Lines that include "color" make up the answer; copy all of them from the data below.

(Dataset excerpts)
▬▬▬▬▬▬

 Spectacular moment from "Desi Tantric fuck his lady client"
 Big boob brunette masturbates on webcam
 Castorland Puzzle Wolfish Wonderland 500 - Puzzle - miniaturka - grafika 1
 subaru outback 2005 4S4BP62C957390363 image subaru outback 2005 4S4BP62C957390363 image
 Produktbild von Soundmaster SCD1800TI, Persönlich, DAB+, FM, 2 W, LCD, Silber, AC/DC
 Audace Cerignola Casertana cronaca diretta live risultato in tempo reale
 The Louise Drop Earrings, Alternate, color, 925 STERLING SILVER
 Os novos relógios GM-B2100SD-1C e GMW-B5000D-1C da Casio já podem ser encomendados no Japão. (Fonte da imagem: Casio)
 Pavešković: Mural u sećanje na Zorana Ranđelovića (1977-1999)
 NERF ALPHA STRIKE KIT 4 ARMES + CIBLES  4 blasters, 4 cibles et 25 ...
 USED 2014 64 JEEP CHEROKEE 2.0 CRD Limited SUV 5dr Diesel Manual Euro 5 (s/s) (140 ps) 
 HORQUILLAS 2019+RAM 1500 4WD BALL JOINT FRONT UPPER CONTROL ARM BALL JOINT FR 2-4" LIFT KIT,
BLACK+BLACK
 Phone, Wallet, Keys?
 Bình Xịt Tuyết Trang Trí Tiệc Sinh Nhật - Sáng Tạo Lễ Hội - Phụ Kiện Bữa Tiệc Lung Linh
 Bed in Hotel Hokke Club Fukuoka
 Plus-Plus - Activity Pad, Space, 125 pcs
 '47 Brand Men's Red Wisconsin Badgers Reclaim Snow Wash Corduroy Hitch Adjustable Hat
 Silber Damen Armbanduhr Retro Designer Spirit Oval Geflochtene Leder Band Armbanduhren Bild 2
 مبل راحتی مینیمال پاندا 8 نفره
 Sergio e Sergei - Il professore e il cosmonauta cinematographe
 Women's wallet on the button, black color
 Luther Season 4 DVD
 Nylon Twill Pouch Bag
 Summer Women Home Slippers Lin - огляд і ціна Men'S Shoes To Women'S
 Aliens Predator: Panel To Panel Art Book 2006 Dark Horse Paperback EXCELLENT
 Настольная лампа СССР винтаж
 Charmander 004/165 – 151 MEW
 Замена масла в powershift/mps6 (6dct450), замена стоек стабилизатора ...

▬▬▬▬▬▬

--- RESULT OF THIS EXERCISE ---
 The Louise Drop Earrings, Alternate, color, 925 STERLING SILVER
 Women's wallet on the button, black color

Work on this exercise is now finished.